Monday 8 August 2016

The Bourne Appreciation: my review of Jason Bourne


Jason Bourne has returned.  After three genre-defining films and one hilariously bad spin off (The Bourne Misfire, I think was the title) that stunk of cash-cow milking by the studio, Paul Greengrass and Matt Damon have revived their amnesiac anti-Bond for one more bout.  Regular readers (if I have such a thing) will have guessed how I feel about reboots, rehashes and remakes of successful and beloved characters and series (for the benefit of non-regular readers, I’m pretty cynical about them) so the announcement of a further instalment didn’t exactly fill me with excitement.  But with Greengrass and Damon on board following their excellent work on Supremacy and Ultimatum, there was at least some potential.

Stylistically at least, there are no surprises here.  This is not a criticism; Greengrass’ kinetic direction suits Bourne like a hotwired car.  His work on films like United 93 and Captain Phillips has established him as one of Hollywood’s foremost purveyors of nerve-shredding tension.  Jason Bourne sees him employ his hand held documentary style pretty much throughout the whole thing creating a sense of paranoia that suits both the post-Snowden state surveillance themes and the frenetic action scenes.  He knows when and where the reign it in, though, allowing the calmer scenes to tip toe before breaking into a sprint for the set pieces.

These, too are impressive.  One of the best things about Ultimatum in particular is that the set pieces were not simply there for the sake of meeting genre requirements; they served and told the story.  The same is true here almost all the time.  An impressive cat-and-mouse sequence set during a Greek austerity demonstration/riot both establishes and kills characters while getting Bourne back in the game.  There’s a London-set sequence that manages to not repeat Ultimatum’s Waterloo station set piece or feel like a rehash; it’s tense, well choreographed and drives the plot forwards.  The Las Vegas sequence, while sometimes hard to follow, is as good as anything the series has offered until a what should have been a climactic confrontation leads to a car chase which, while impressive, feels tacked on after what precedes it.  It’s Bourne becoming an assassin again after almost 4 films of resistance and doesn’t quite fit.

The Bourne films always cast strongly with the likes of Brian Cox, Clive Owen, Albert Finney, Joan Allen and Chris Cooper all giving strong service.  Here, Tommy Lee Jones’ experienced CIA chief makes you wonder why he’s never featured before and Vincent Cassel is so perfect a fit as the nameless ‘Asset’ it again makes you wonder whether he was in one of the previous films; not necessarily a good thing as this their characters feel a bit like archetypes.

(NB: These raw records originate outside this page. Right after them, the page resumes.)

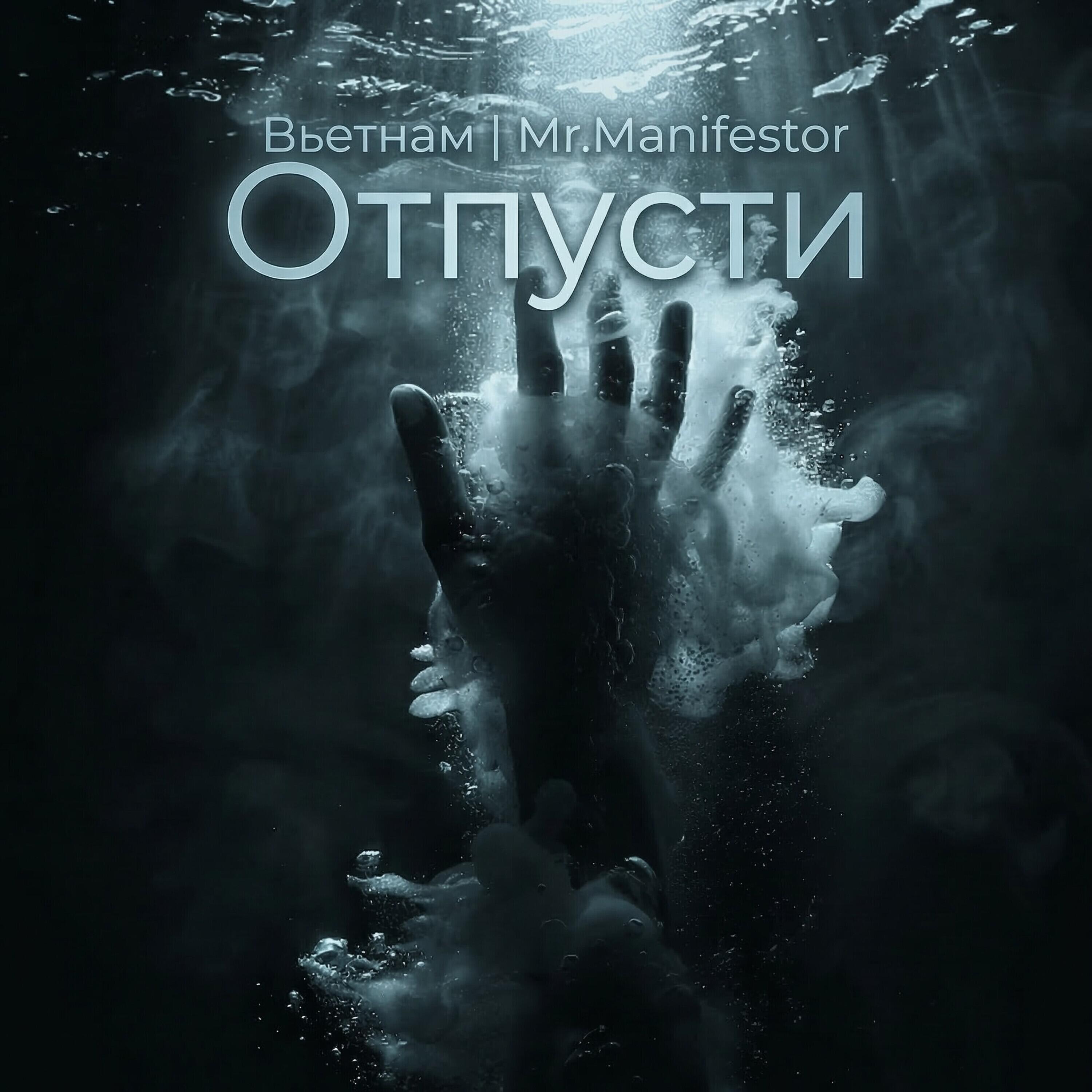 Релиз Отпусти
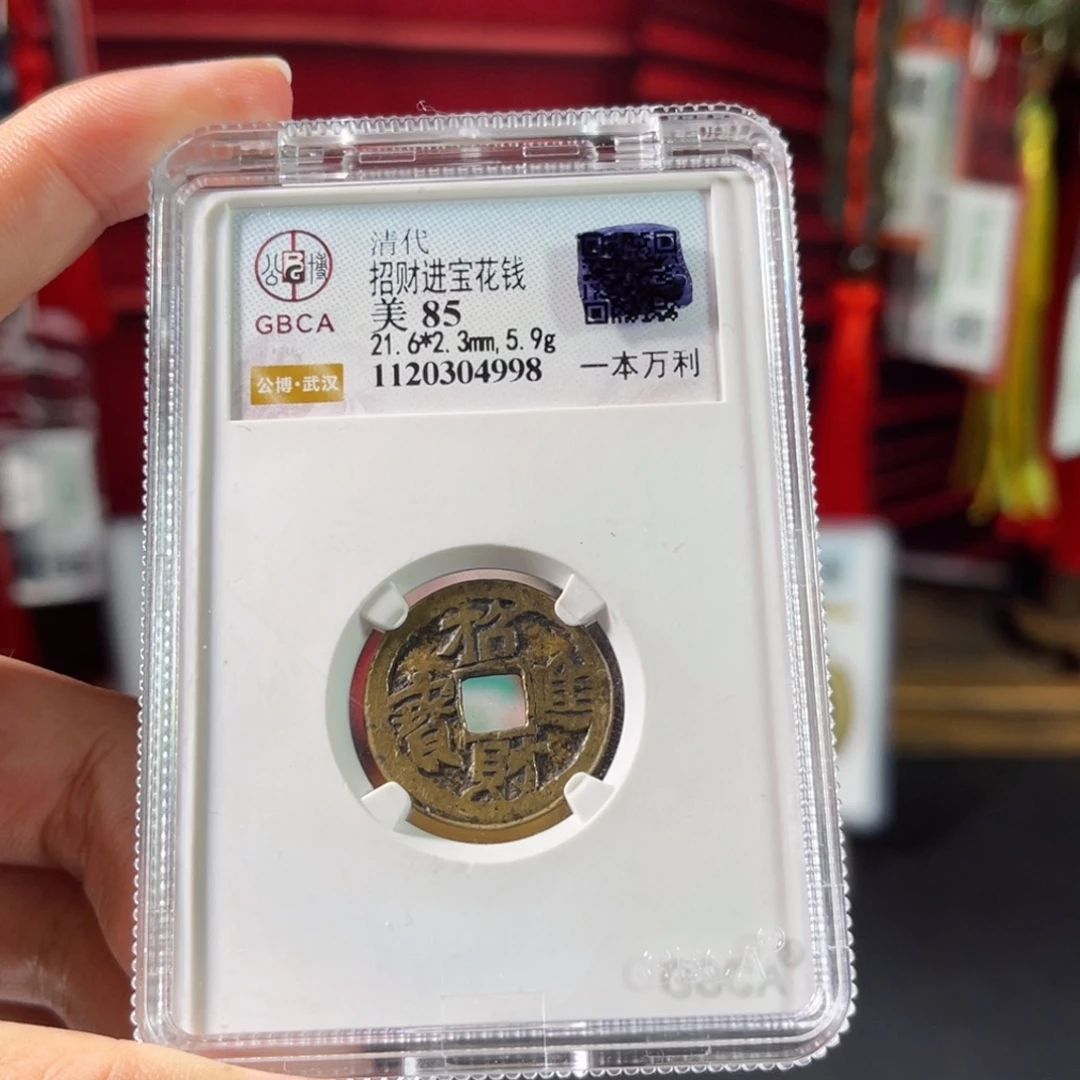 铜清代 花钱 一本万利 招财进宝 传世 4998。r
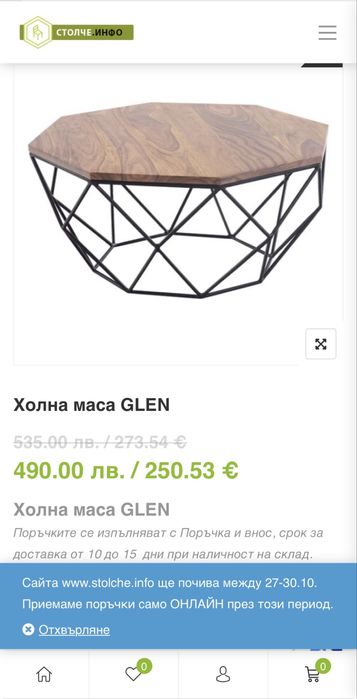 Холна маса от акациево дърво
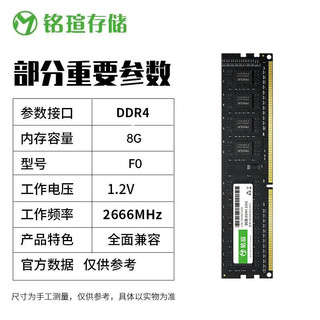 MAXSUN 铭瑄 DDR4 8G 2666台式机巨无霸系列游戏四代英特尔全兼容条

It’s Alicia Vikander’s resolute CIA cyber security officer (and Riz Ahmed’s compromised social media guru) who offers something new: she is driven ambition rather than just by-the-numbers spy games;  she makes a genuine attempt to see Bourne’s point of view, and adds a contemporary twist.  Her character’s expertise adds an interesting new layer to the premise: how does one hide when facial recognition software and any CCTV camera in the world could be used to find you? It’s a fresh new challenge for a spy who can beat anyone at fisticuffs, gunplay or driving.


Jason Bourne retains the unrefined, rebellious edge that drove the Bond producers to up their game in the Daniel Craig era, turning their suave secret agent into a cold, insubordinate killer.  Bourne, in Greengrass’ eyes anyway represents a reaction to Bond’s ‘Queen and Country’ ethos.  Seen as an enemy by the very people who trained him, he’s on his own side rather than America’s, with loyalty earned rather by sworn.  Here, the Treadstone program that created Bourne has been replaced by the distinctly fascist sounding Iron Hand.  It’s probably not deliberate, more of a zeitgeist-y consideration, that the CIA’s devious plan (spying on everyone in the world via their online habits), is almost identical to that of Blofeld in latest Bond adventure Spectre.  Evil, it seems, is a matter of perspective when it comes to spies and while I’m one of many people who hope that Bond is reinvented again, I would be happy if this turned out to be Bourne’s noisy, exciting, subversive but kind of slight swansong.